E tempo parece ser o que Kiev mais precisa para gerir o esforço de guerra devido à escassez de voluntários e de recrutas para as fileiras militares, além da situação de lento mas sólido avanço das forças russas na linha da frente.
A isto, sendo já comum ler e ouvir nos media ocidentais a tese do iminente colapso da Ucrânia, junta-se a urgência de ganhar tempo para ver como se vão desenvencilhar os países europeus para substituir o apoio em armas e dinheiro que até aqui chegava a Kiev oriundo dos EUA.

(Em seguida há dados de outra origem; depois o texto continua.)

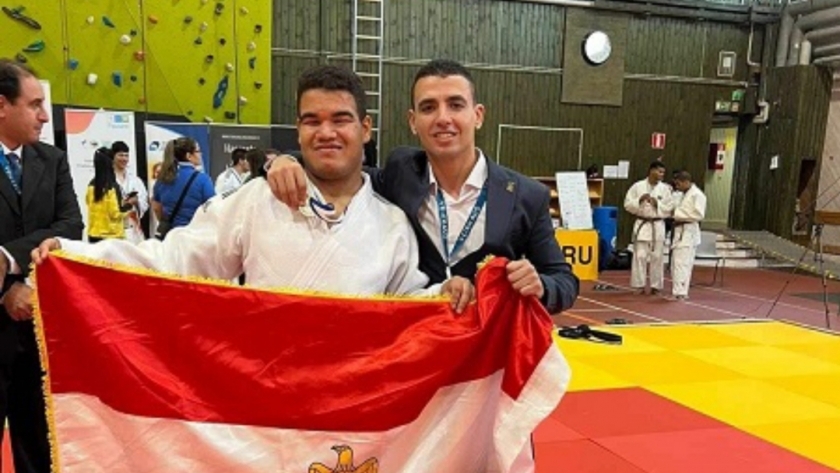 الطالب محمود سامي يرفع علم مصر في البطولة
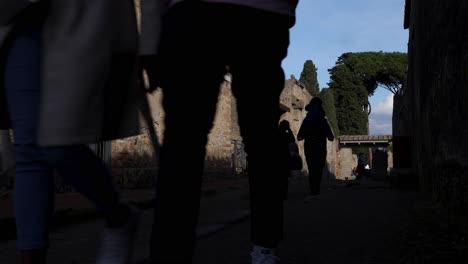 Pompeii-Timelapse-of-people-walking-ruins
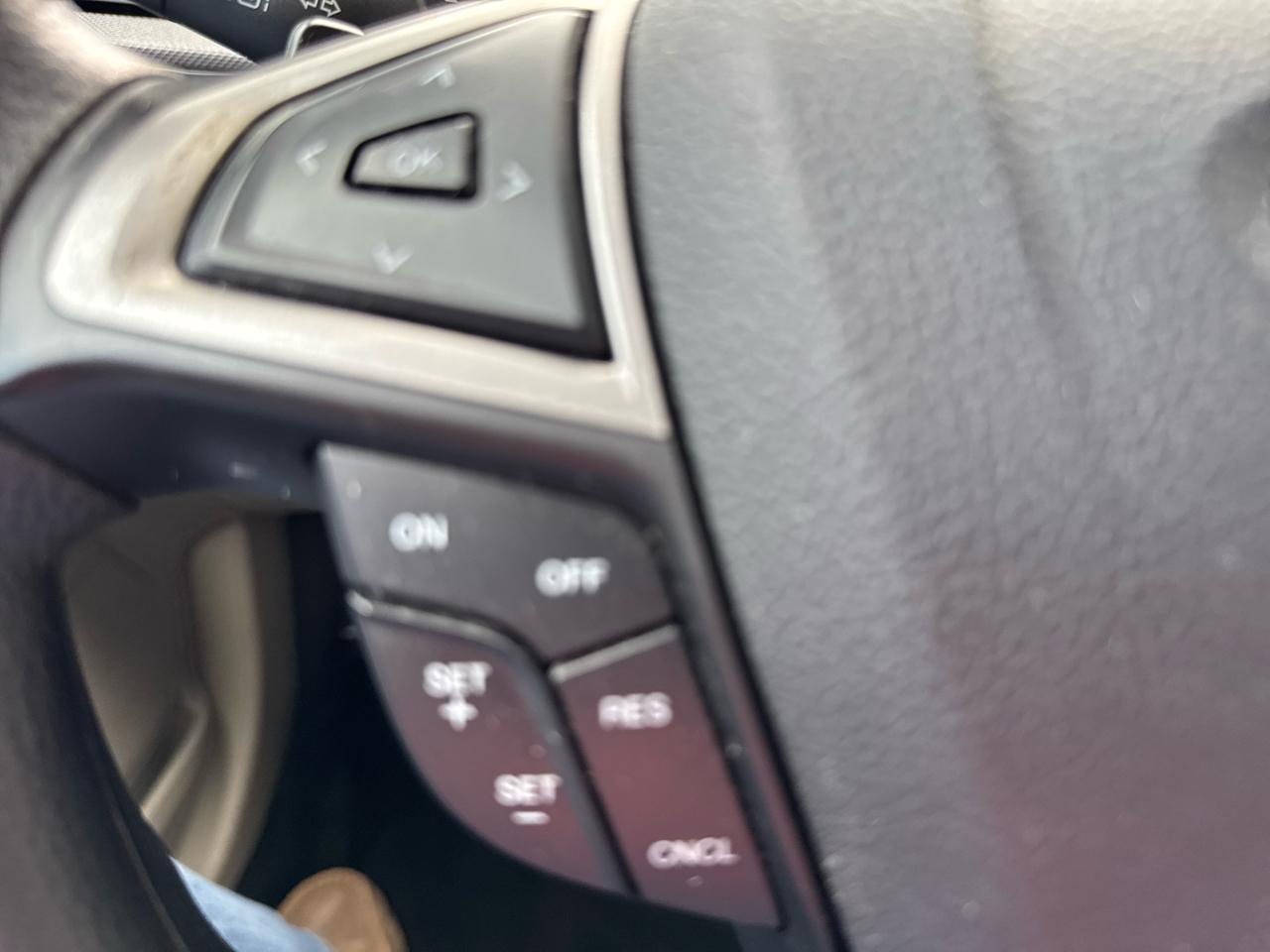 Ford Fusion SE FWD 2019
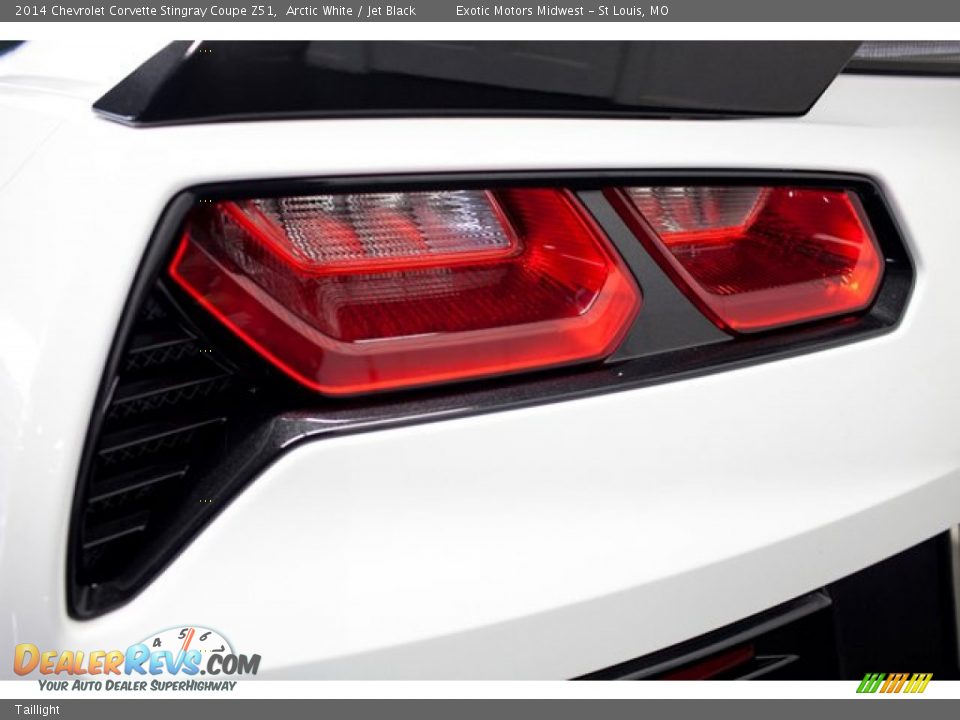 Taillight - 2014 Chevrolet Corvette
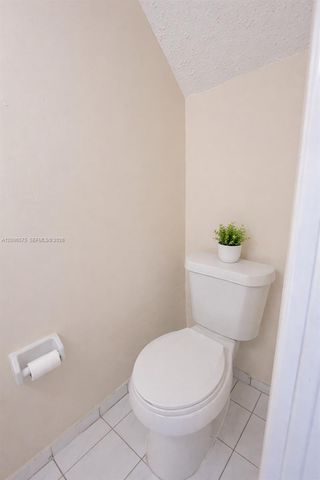 8870 Fontainebleau Blvd 409, Miami, FL 33172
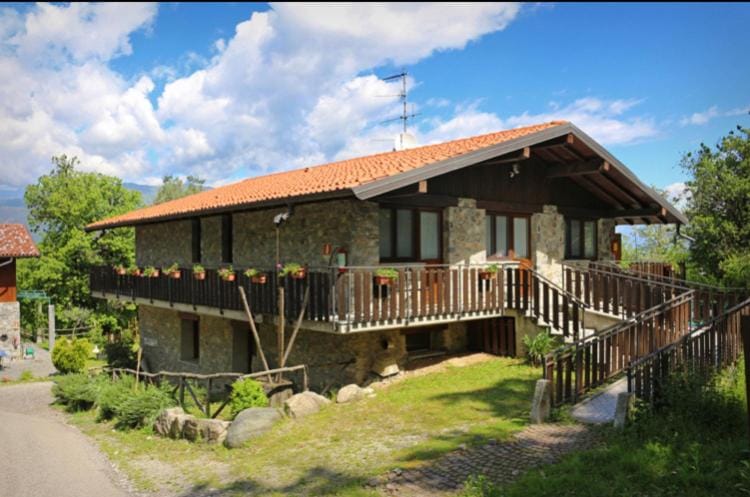 Agriturismo Tschang Wilma Farm Stay in Canton of Ticino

E ainda o facto de ser igualmente alvo de notas em múltiplos canais pró-russos nas redes sociais e no YouTube a ideia de que Kiev está a preparar uma nova contra-ofensiva para esta Primavera, para a qual carece de tempo para organizar e planear sem a ameaça dos drones e dos misseis russos.
Alias, um dos mais credíveis canais do YouTube dedicados à guerra do lado russo, o Military Summary Channel, lançou este Domingo a tese de que a escassez de munições nas unidades ucranianas noticiada pelos media ocidentais é um dado falso e está a ser usado para gerar o efeito surpresa para a contra-ofensiva que deverá ser lançada entre Maio e Julho.

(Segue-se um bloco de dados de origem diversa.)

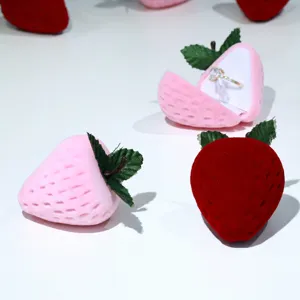 Cute strawberry flocked ring box velvet jewelry storage gift box for earrings presentation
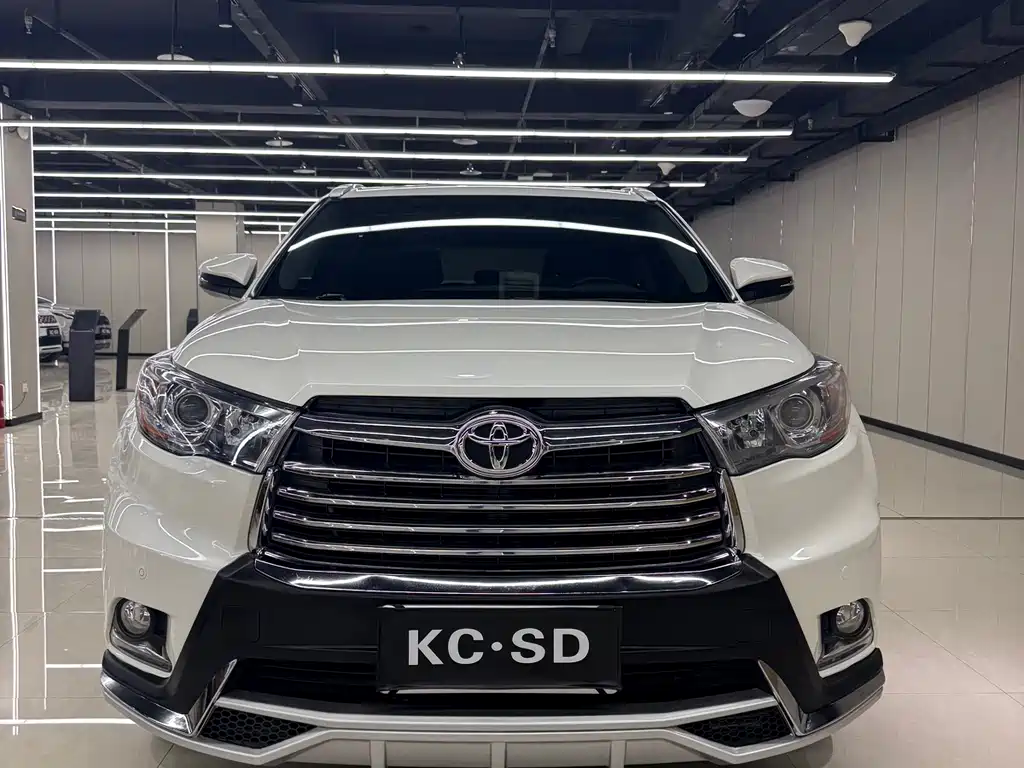 Toyota Highlander 2018 — фото 2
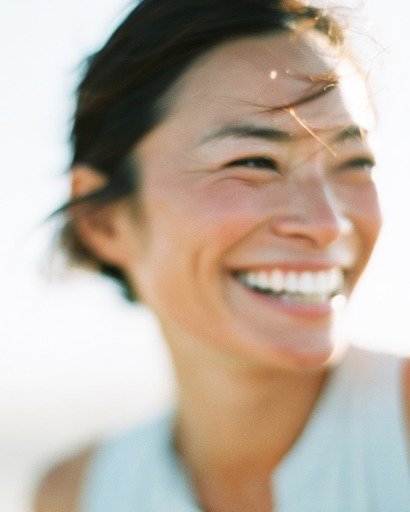 For women in perimenopause who refuse to fade.

Hormonal shifts affect skin, sleep, joints, energy, and immune balance - but slowing down isn&rsquo;t required.

Long-wavelength light therapy supports skin resilience, musculoskeletal comfort, restorat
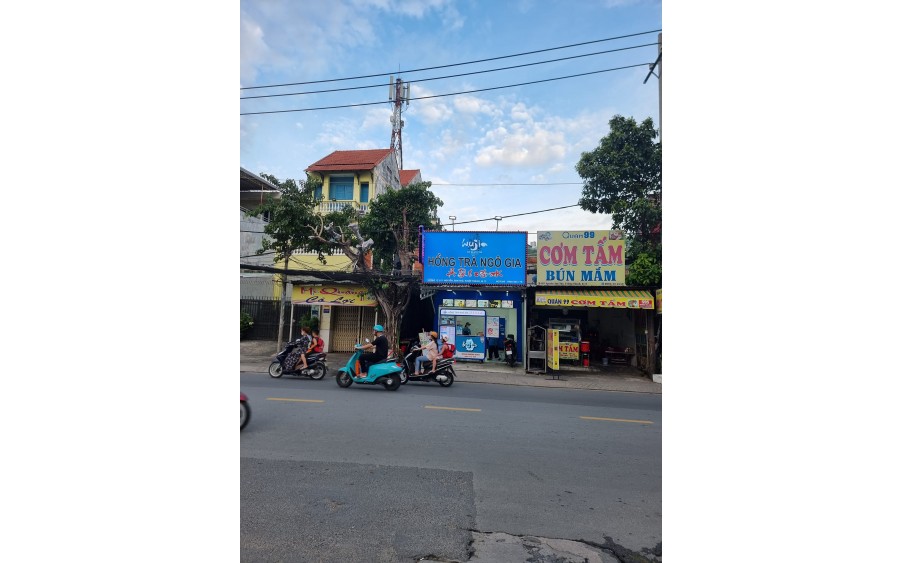 Bán nhà mặt tiền Nguyễn Ảnh Thủ 5,1x23m giá 10,5 tỷ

Nas declarações aos jornalistas que Putin fez logo após terem sido conhecidos os resultados oficiais, citado pela TASS, a agência estatal russa, ficou claro que o Kremlin tem em cima da mesa onde são planeadas as operações de guerra, a criação de um extensa zona-tampão dentro da Ucrânia ao longo de toda a fronteira.
Isto, porque, durante os três dias de eleições, de 15 a 17, forças ucranianas, alegadamente constituídas por 5 mil russos dissidentes, atacaram territórios russos fora da zona de guerra, como Belgorod e Kursk, procurado desestabilizar o eleitorado russo.

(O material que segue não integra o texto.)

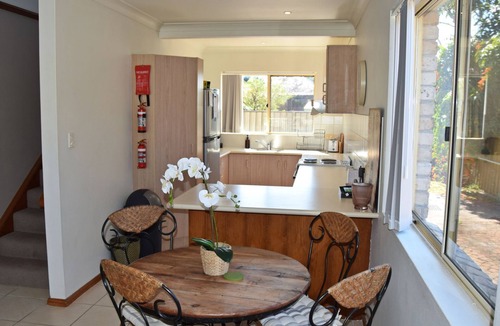South West Rocks Apartment | Well-equipped two storey townhouse situated close to town with only a short walk to the shops and be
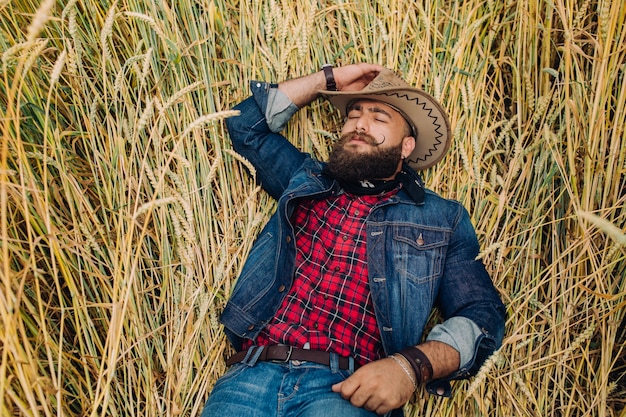 Homme porté avec la modélisation de chapeau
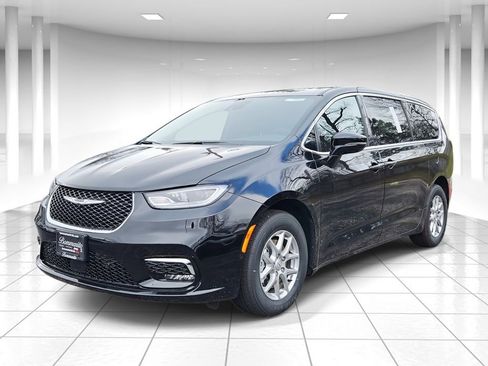 New 2026 Chrysler Pacifica Select image 7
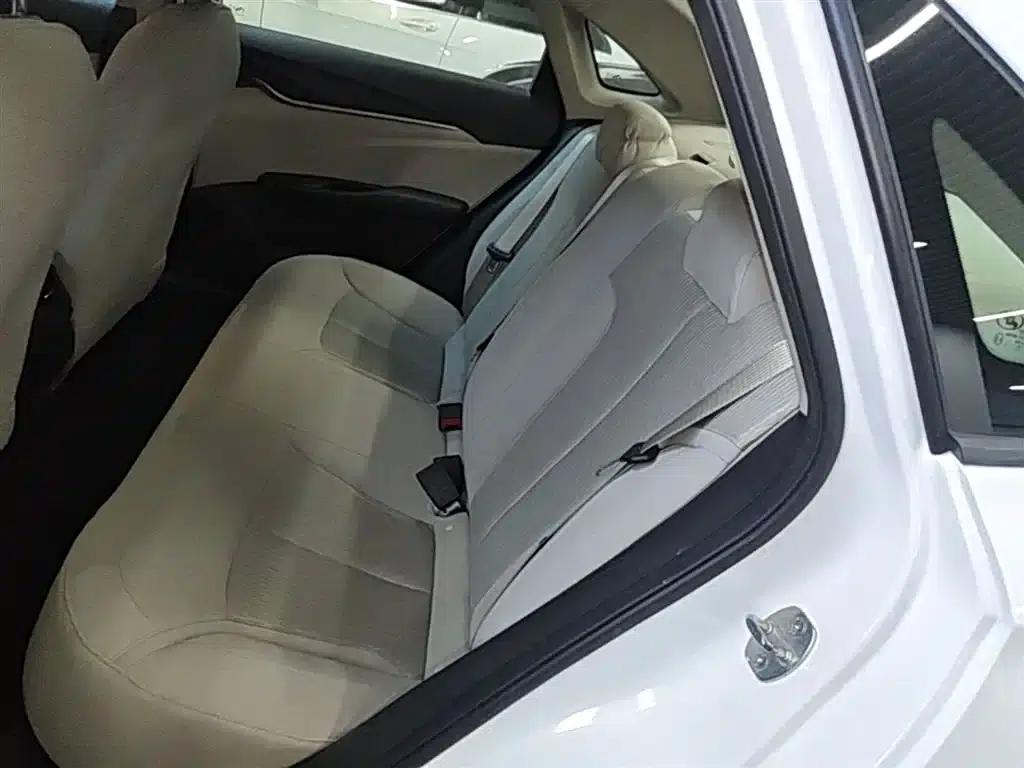 Buick Excelle 2019 15T Dual-Clutch Entry-Level Model (China VI Emission Standard) — миниатюра 17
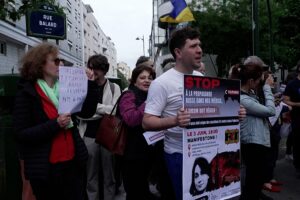 Frankreich: Demonstranten versammeln sich vor CNews TV wegen angeblicher Einflussnahme des Kremls In Frankreich kam es am 3. Juni zu einer erneuten Debatte über ausländischen Einfluss in den Medien, als sich Dutzende Demonstranten vor dem CNews-Hauptquartier in Paris versammelten, um Ksenia Fedorova, die frühere Chefin von RT France, anzuprangern. 04.06.2026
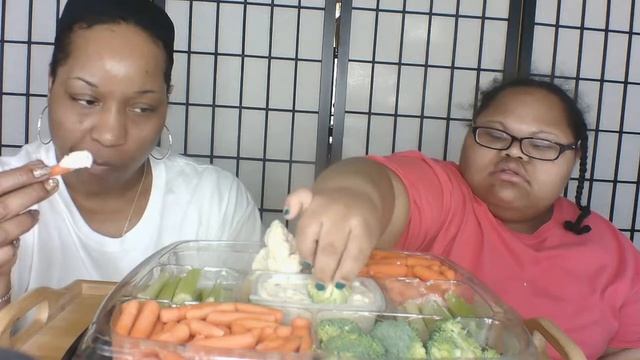 Lets Do Lunch Muk Bang #13 Veggie Tray смотреть онлайн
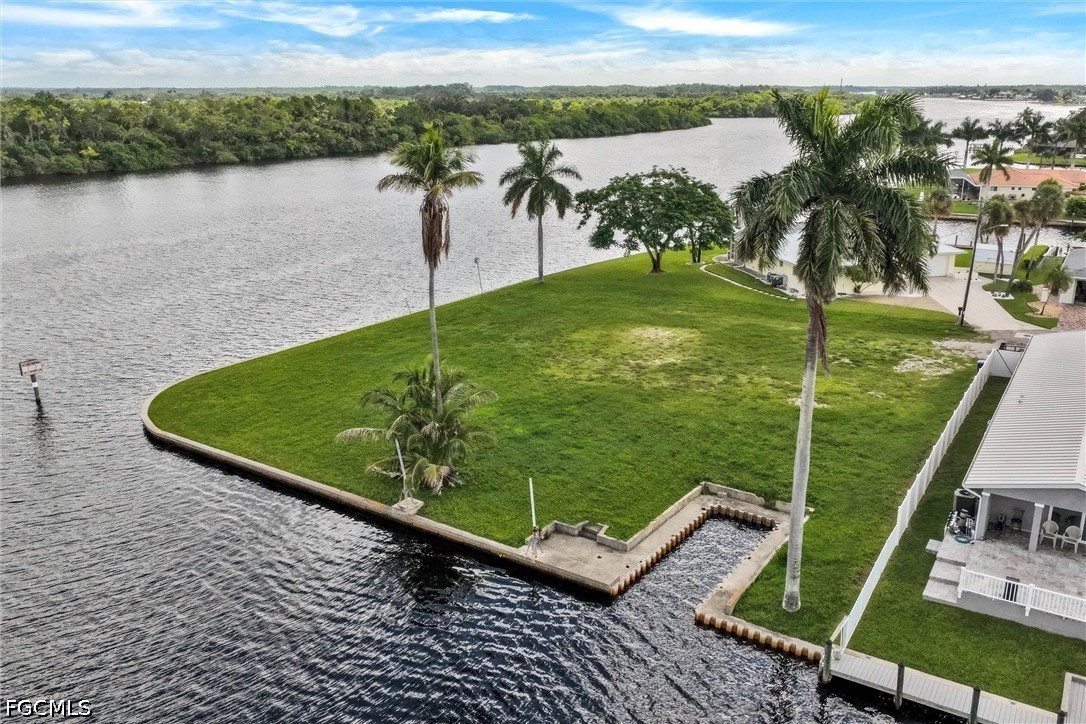 Waterfront Home for Sale in Fort Myers Shores, photo 9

O chefe do Kremlin, que vai Governar até 2030 e pode ainda, constitucionalmente, ser candidato mais uma vez, até 2036, afirmou que a Federação Russa está a ganhar a guerra sem quaisquer dúvidas e que nada poderá reverter este cenário, sequer a entrada dos países da NATO na Ucrânia.
E sobre essa possibilidade, defendida claramente, pelo menos até lhe surgir a ideia das tréguas olímpicas, por Macron, e pelo Presidente da República Checa, Petr Pavel, Vladimir Putin voltou a dizer que todos os militares que estão na Ucrânia são inimigos e serão abatidos sem titubear.
Frisando que este resultado eleitoral, vitória estrondosa mas vista como irregular e não idónea pelo ocidente, torna a Rússia mais forte, o chefe do Kremlin insistiu saber bem que já há miliares da NATO na Ucrânia disfarçados de mercenários e de civis.
Garantiu que muitos deles estão mesmo a ser massacrados no conjunto das unidades ucranianas em certas áreas da linha de combate e que toda a iniciativa, lenta mas irreversível, pertence actualmente à Federação Russa e avisou americanos e europeus que não serão poupados se entrarem na Ucrânia.
Reafirmou também que nada teve a ver com a morte de Alexey Navalny, o opositor que morreu há duas semanas numa prisão da Sibéria, e que este estava a ser negociado no âmbito de uma troca com elementos da secreta russa detidos na Alemanha e noutros países ocidentais.
Nesta conversa com os jornalistas em Moscovo, na sede de campanha e não no Kremlin, o Presidente russo disse que não estava à espera de quaisquer palavras simpáticas do ocidente, porque "eles estão a lutar militarmente contra a Rússia" e não era de esperar nada diferente.
E aproveitou para abordar a questão que mais tinta fez correr e mais frames fez passar, que é a possibilidade de uma guerra total entre a NATO e a Federação Russa: "Penso que nada pode ser descartado no mundo actual", referindo-se a uma insensatez que parece espalhar-se sem freio.
"É óbvio para toda a gente que estamos já a um curto passo de da III Guerra Mundial mas também que esse cenário não interesse a ninguém", avisou, ao mesmo tempo que explanava como os objectivos na guerra estão a ser conseguidos ao mesmo tempo que a capacidade militar russa está a ser reforçada todos os dias.